### Data shown:
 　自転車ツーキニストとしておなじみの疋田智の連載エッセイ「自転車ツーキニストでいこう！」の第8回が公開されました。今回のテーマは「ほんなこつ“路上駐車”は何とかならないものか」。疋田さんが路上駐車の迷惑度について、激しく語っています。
...
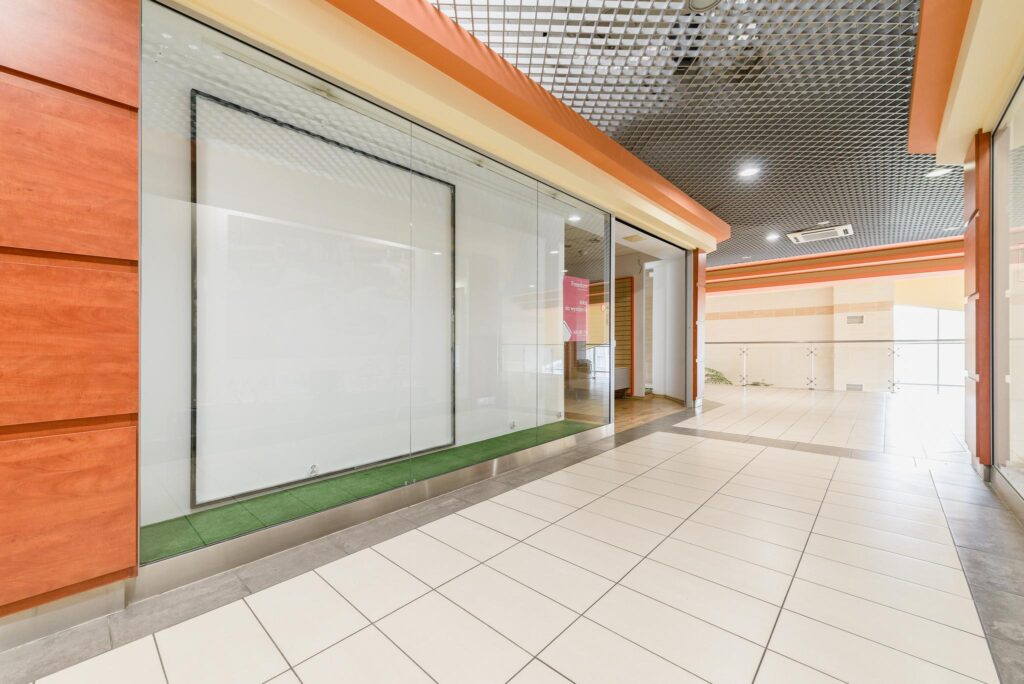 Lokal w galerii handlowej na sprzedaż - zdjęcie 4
---
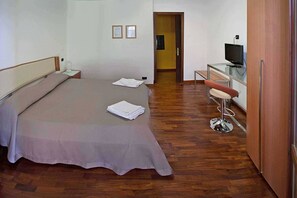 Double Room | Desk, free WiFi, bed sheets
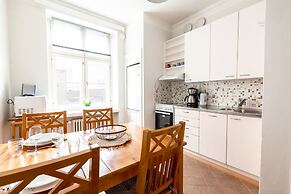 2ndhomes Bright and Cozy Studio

### Task statement:
Using the listing above, restate exactly the range between the lines holding "Double Room | Desk, free WiFi, bed sheets" and "2ndhomes Bright and Cozy Studio", inclusive, with pictures left out.

### Answer to this problem:
 Double Room | Desk, free WiFi, bed sheets
 2ndhomes Bright and Cozy Studio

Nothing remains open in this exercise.